Sockets are a fundamental part of client-server networking. They provide a relatively easy mechanism for a program to establish a connection to another program, either on a remote or local machine and send messages back and forth (we can even use read and write system calls). This interface, however, forces us to design our distributed applications using a read/write (send-receive) interface which is not how we generally design non-distributed applications. In designing centralized applications, the procedure call is usually the standard interface model, allowing for the creation of components that have functional interfaces. If we want to make distributed computing look like centralized computing, input/output-based communications is not the way to accomplish this.
In 1984, Birrell and Nelson devised a mechanism to allow programs to call procedures on other machines. A process on machine A can call a procedure on machine B. When it does so, the process on A is suspended and execution continues on B. When B returns, the return value is passed to A and A continues execution. This mechanism is called the Remote Procedure Call (RPC). To the programmer, it appears as if a normal procedure call is taking place. Obviously, a remote procedure call is different from a local one in the underlying implementation.
Steps in a remote procedure call
Consider how local procedure calls are implemented. This differs among compilers and architectures, so we will generalize. Every processor provides us with some form of call instruction, which pushes the address of the next instruction on the stack and transfers control to the address specified by the call. When the called procedure is done, it issues a return instruction, which pops the address from the top of the stack and transfers control there. That’s just the basic processor mechanism that makes it easy to implement procedure calls. The actual details of identifying the parameters, placing them on the stack, and executing a call instruction are up to the compiler. The compiler generates code to evaluate each parameter, push its value on the stack, and then issue the call to the function. In the called function, the compiler is responsible for generating code to ensure that any registers that may be clobbered are saved, allocating stack space for local variables, and then restoring the registers and stack pointer prior to a return.

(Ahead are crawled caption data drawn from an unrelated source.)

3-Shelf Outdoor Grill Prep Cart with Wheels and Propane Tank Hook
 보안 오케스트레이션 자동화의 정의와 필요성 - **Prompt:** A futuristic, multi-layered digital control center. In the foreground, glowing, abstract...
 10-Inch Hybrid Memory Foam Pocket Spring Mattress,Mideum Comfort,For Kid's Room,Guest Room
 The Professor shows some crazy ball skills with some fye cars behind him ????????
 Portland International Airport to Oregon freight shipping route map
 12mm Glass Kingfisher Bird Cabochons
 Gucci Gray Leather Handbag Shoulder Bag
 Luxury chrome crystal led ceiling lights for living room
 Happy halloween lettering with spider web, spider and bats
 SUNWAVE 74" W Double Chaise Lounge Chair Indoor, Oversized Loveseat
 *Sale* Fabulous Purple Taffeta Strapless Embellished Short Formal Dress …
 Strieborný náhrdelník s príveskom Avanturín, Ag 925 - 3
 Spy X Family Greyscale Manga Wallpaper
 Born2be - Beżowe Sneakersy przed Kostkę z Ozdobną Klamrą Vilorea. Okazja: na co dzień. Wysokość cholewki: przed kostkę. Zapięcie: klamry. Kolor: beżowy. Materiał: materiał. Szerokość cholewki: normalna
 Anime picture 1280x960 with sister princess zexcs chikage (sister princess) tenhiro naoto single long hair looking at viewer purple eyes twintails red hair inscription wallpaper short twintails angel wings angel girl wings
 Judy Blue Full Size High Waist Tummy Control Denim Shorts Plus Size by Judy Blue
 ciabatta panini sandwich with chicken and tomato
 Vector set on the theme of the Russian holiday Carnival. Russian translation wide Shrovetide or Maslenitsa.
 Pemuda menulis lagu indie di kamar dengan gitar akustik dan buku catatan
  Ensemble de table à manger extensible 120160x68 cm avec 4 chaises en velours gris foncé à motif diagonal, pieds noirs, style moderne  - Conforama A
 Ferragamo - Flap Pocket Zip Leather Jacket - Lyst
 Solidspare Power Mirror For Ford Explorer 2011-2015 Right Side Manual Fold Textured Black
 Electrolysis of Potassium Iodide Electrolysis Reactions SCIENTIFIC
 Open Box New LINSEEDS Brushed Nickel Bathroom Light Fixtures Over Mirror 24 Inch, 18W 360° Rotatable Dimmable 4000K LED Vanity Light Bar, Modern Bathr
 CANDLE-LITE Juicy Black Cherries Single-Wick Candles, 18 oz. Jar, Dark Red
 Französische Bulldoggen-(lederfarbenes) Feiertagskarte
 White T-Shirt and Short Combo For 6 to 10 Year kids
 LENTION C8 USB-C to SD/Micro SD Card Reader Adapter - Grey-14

None of this makes sense if we want to call a procedure that is loaded on a remote machine. This means that the compiler has to do something different to provide the illusion of calling a remote procedure.
Remote procedure calls are a programming language construct. They are implemented by the compiler or interpreter of the programming language as opposed sockets, which is an operating system construct since it is a facility provided by the operating system. They provide the illusion of calling a procedure on a remote machine. During this time, execution of the local thread stops until the results are returned. The programmer is alleviated from packaging data, sending and receiving messages, and parsing results.
The illusion of a remote procedure call is accomplished by generating stub functions. On the client side, the stub (often called a proxy) is a function with the same interface as the desired remote procedure. Its job is to take the parameters, marshal them into a network message, send them to the server, await a reply, and then unmarshal the results and return them to the caller. On the server side, the stub (often known as a skeleton) is responsible for being the main program that registers the service and awaits incoming requests for running the remote procedure. It unmarshals the data in the request, calls the user’s procedure, and marshals the results into a network message that is sent back to the recipient.
The client calls a local procedure, called the client stub. To the client process, this appears to be the actual procedure, because it is a regular local procedure. It just does something different since the real procedure is on the server. The client stub packages the parameters to the remote procedure (this may involve converting them to a standard format) and builds one or more network messages. The packaging of arguments into a network message is called marshaling and requires serializing all the data elements into a flat array-of-bytes format.
Network messages are sent by the client stub to the remote system (via a system call to the local kernel using sockets interfaces).
Network messages are transferred by the kernel to the remote system via some protocol (either connectionless or connection-oriented).
A server stub, sometimes called the skeleton, receives the messages on the server. It unmarshals the arguments from the messages and, if necessary, converts them from a standard network format into a machine-specific form.
The server stub calls the server function (which, to the client, is the remote procedure), passing it the arguments that it received from the client.
When the server function is finished, it returns to the server stub with its return values.
The server stub converts the return values, if necessary, and marshals them into one or more network messages to send to the client stub.
Messages get sent back across the network to the client stub.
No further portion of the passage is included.